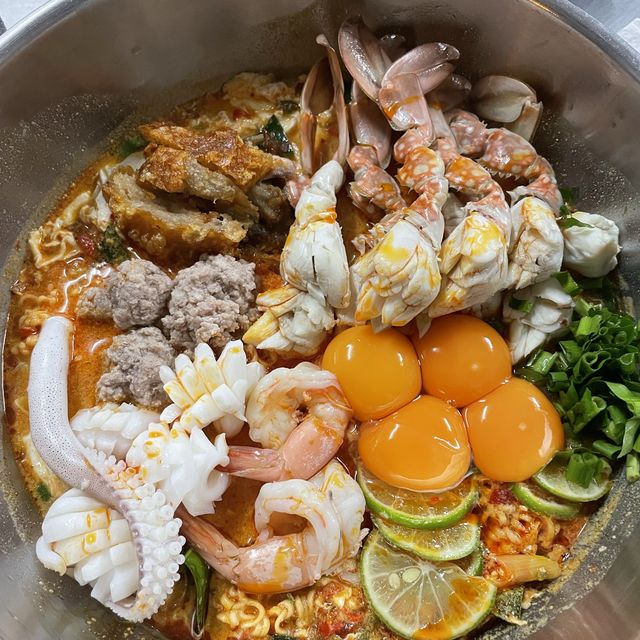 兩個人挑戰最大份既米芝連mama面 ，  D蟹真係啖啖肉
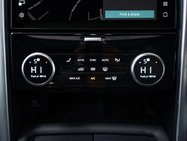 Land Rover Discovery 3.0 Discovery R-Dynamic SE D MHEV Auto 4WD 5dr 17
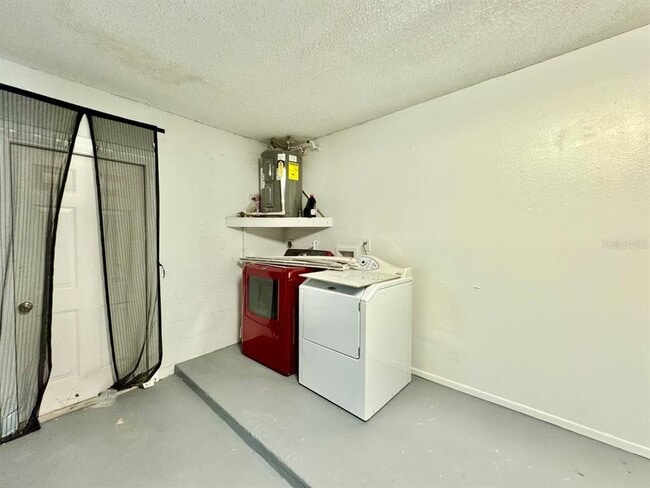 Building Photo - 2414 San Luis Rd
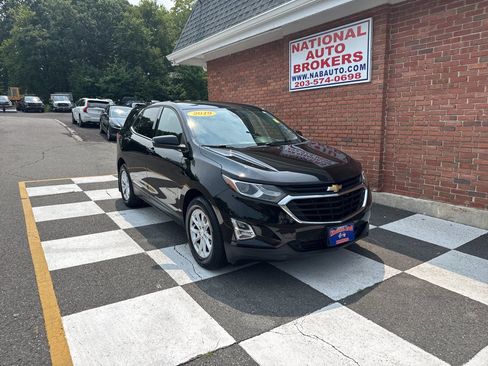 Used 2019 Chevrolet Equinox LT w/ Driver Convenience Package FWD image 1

* * *

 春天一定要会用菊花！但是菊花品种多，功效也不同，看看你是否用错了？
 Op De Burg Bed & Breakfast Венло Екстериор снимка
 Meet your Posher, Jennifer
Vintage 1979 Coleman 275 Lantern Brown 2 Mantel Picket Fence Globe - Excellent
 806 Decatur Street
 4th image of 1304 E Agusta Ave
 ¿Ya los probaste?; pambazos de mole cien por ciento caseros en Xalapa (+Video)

--

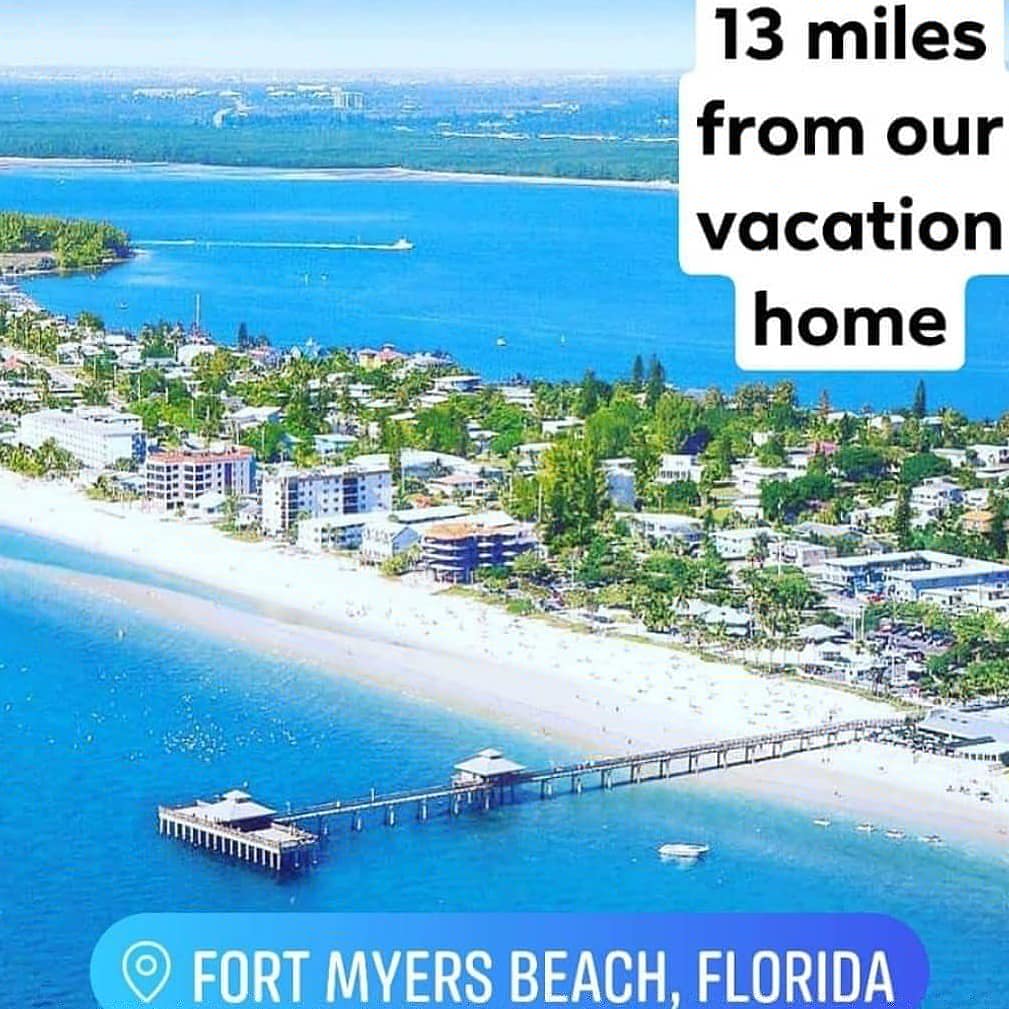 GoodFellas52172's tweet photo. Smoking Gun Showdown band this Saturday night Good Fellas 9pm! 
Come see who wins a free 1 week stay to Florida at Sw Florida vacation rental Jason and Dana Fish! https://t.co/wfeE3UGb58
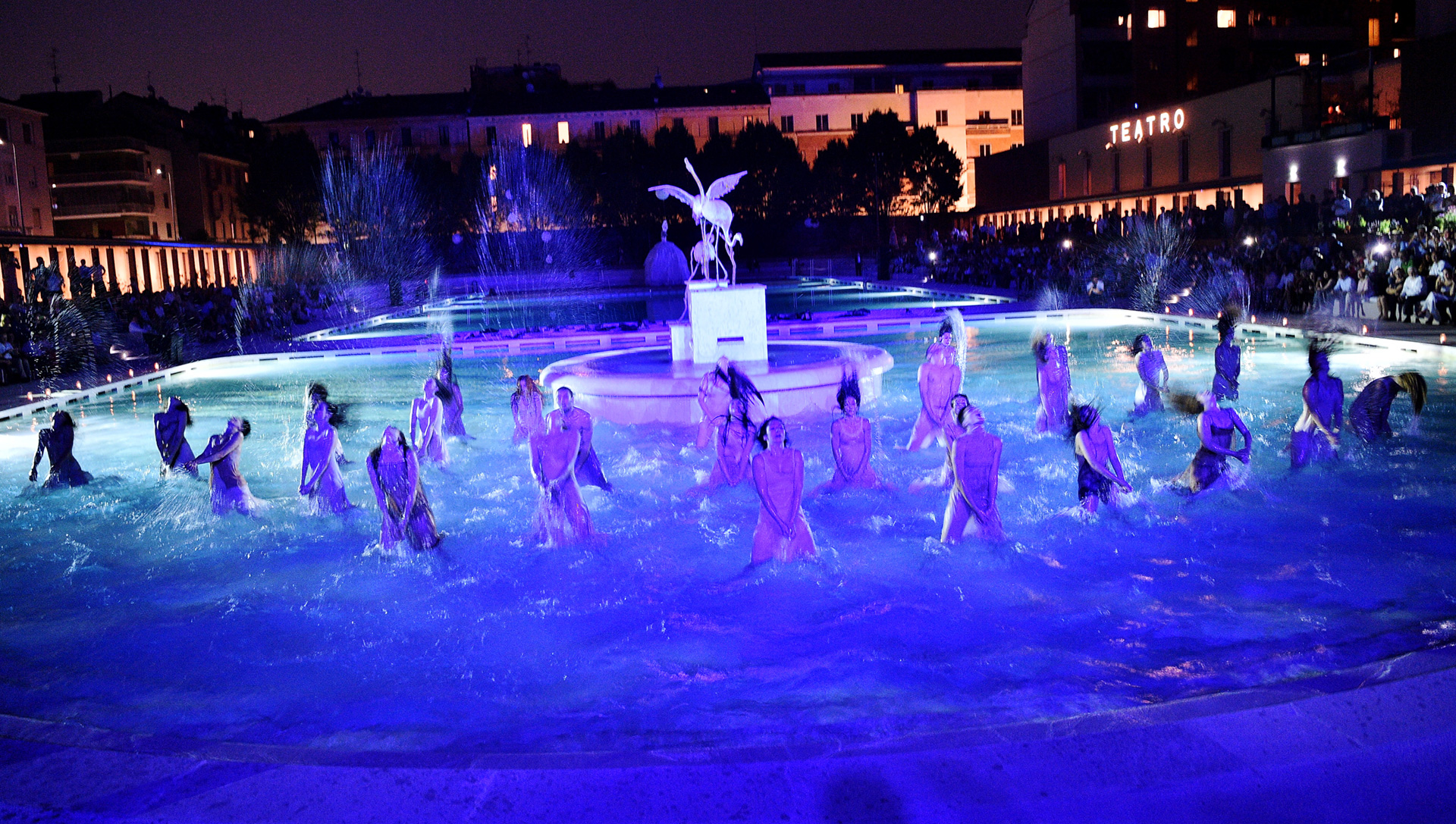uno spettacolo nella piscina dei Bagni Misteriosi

**ACTION ITEM**
Restate word for word the lines of the data above that begin at the line with "Land Rover Discovery" and end at the line with "Used 2019 Chevrolet", keeping both ends and dropping every picture.

**SOLVED EXERCISE**
 Land Rover Discovery 3.0 Discovery R-Dynamic SE D MHEV Auto 4WD 5dr 17
 Building Photo - 2414 San Luis Rd
 Used 2019 Chevrolet Equinox LT w/ Driver Convenience Package FWD image 1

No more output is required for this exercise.